SO WHAT IS POTTY POETRY?

If you were to have asked small independent publishers The King's England Press, back in the closing years of the 20th century, whether they could ever have foreseen that their sole children's poet, virgin author Gez Walsh, would stride so boldly into the new millennium and stamp his mark so firmly on the poetry world that a new genre, Potty Poetry, would be created, the suggestion would probably have been met with a bemused silence, if not outright disbelief.

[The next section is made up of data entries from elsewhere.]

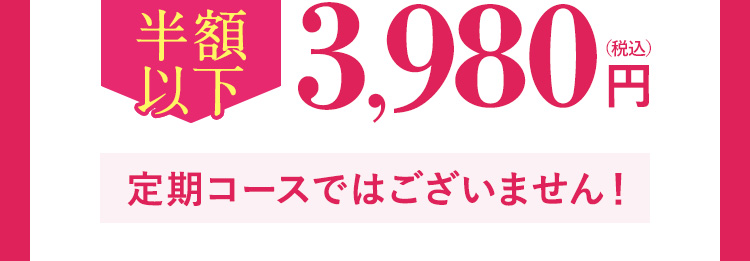 半額以下 3,980円(税込)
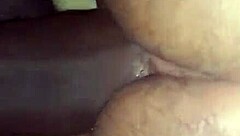 sussusexycaribe enjoys a wild night after the disco, with her tight wet pussy getting pounded by a lover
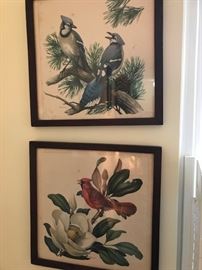 Bird Prints by Peterson.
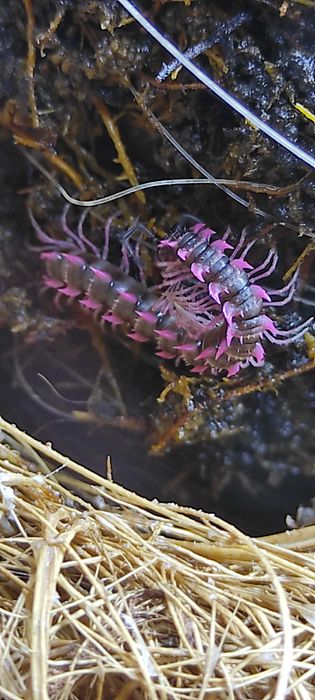 Unikalne wije "Red Dragon" (Desmoxytes planata) – Smocze krocionogi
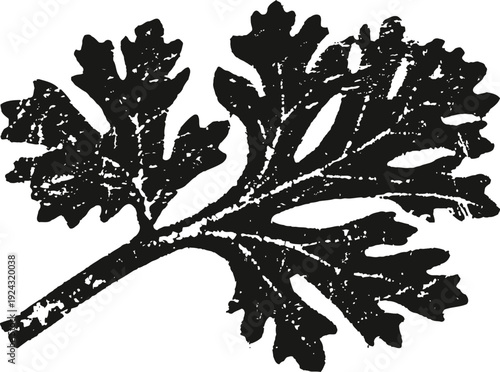 Black and white illustration of a leafy kale vegetable with detailed textured edges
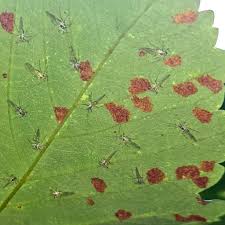 Attēlu rezultāti vaicājumam “Drepanosiphum platanoidis exuvia”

None of us possesses the ability to tell the future, but that of Gez Walsh and the rest of the Potty Poets, for whom he led the way, now seems more certain than ever in the face of alarming statistics showing that one in six young people currently leaves the UK education system unable to read or write. The desire to be one small cog in reversing this trend and combatting what has been described by some educationalists as "a national disaster" lies at the heart of the Potty Poets' core values, which were first embodied in 1997 with The Spot on My Bum.

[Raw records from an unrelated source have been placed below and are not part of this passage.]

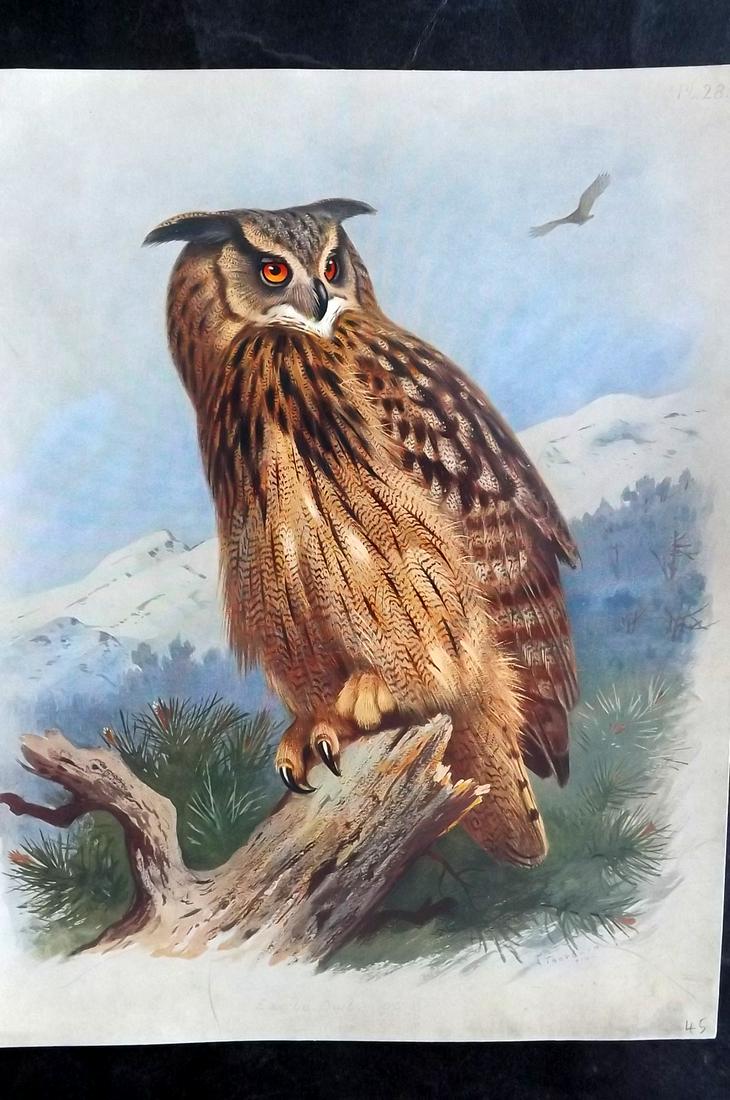 Thorburn, Archibald 1915 Rare Folio Print. Eagle Owl (1 of 2)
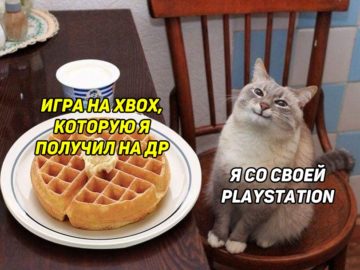 Кот с блинами или вафлями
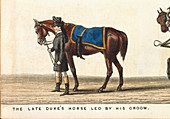 The late Duke's horse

It's sometimes difficult to think back to the world as it was 10 years ago, to bring to mind the values and attitudes of the time. 1997 was, of course, the year Princess Diana died. It was also the year that saw the world of politics hail the first labour government in eighteen years, scientists announce the birth of the first successfully cloned mammal, Dolly the sheep, and the literary world hail the first book of the Potty Poets series, The Spot on My Bum, as ground-breaking. Back in those days, Gez was only just embarking on his new vocation, having traded social work for a writing career, and the book which was originally penned to help his young dyslexic son was about to take the bookshops by storm.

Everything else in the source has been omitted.